There could be no one more surprised than myself when at the First World Microcar meet in the Chicago area in the summer of 2010, I finally got to meet the engineer who created and produced these cars. That surprise was due to the fact that after a year and a half of obsessive analysis, and probably 20 different creative fixes- I found the Freeways founder to be genuinely unaware of the faults he had engineered into the car.
I had to build a full scale wood and metal mock up of the suspension and steering controls, but leaving out shocks and springs, to finally be able to clearly witness just exactly what was going wrong with various parameters of wheel alignment during different amounts of suspension compression and extension.
There was also a considerable amount of monkey motion due to overly generous design tolerances, and use of short cuts with inherent drawbacks as well as inadequate quality of parts chosen.
The marvelous and gratifying aspect of all this involvement, is that I eventually got it all right, whilst not betraying any hint of my vast changes made from a casual visual inspection- except for the wheels and tires.

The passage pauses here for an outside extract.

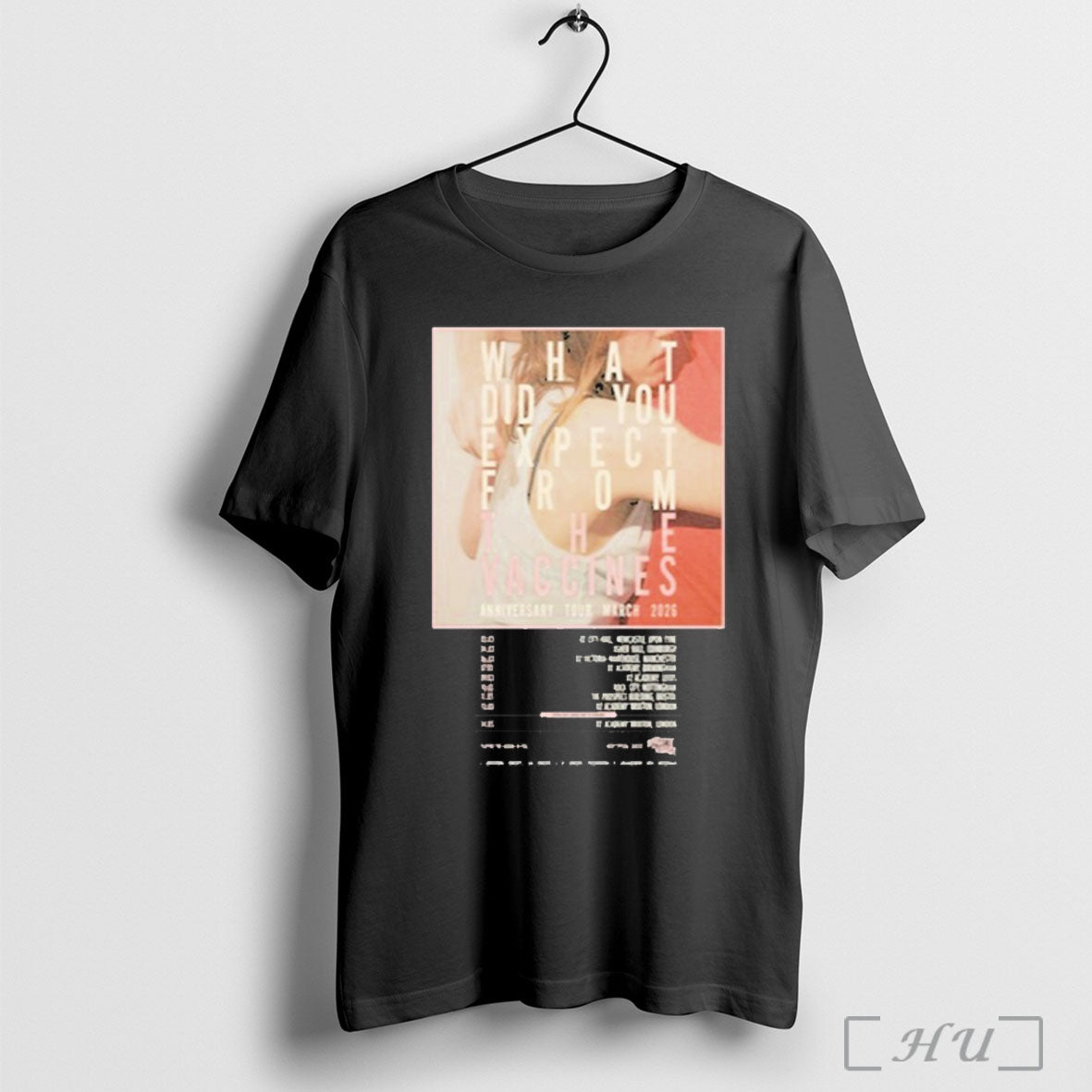 Officials The Vaccines Anniversary Tour March 2026 Dates T Shirt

I actually got a single lower trailing arm front suspension to produce no more than 12 thousandth of an inch of toe in with one inch of wheel travel, whereas the original set up was all over the place ( literally and figuratively), and averaged out at 248 thousandths of an inch of bump steer with one inch of wheel travel, but actually performed quite differently on right and left sides due to different steering rod lengths as necessitated by the central seating and necessarily off center input point provided by the ball and trunion steering mechanism.
I could write a book on it, but there would be far too few readers to justify the effort and expense.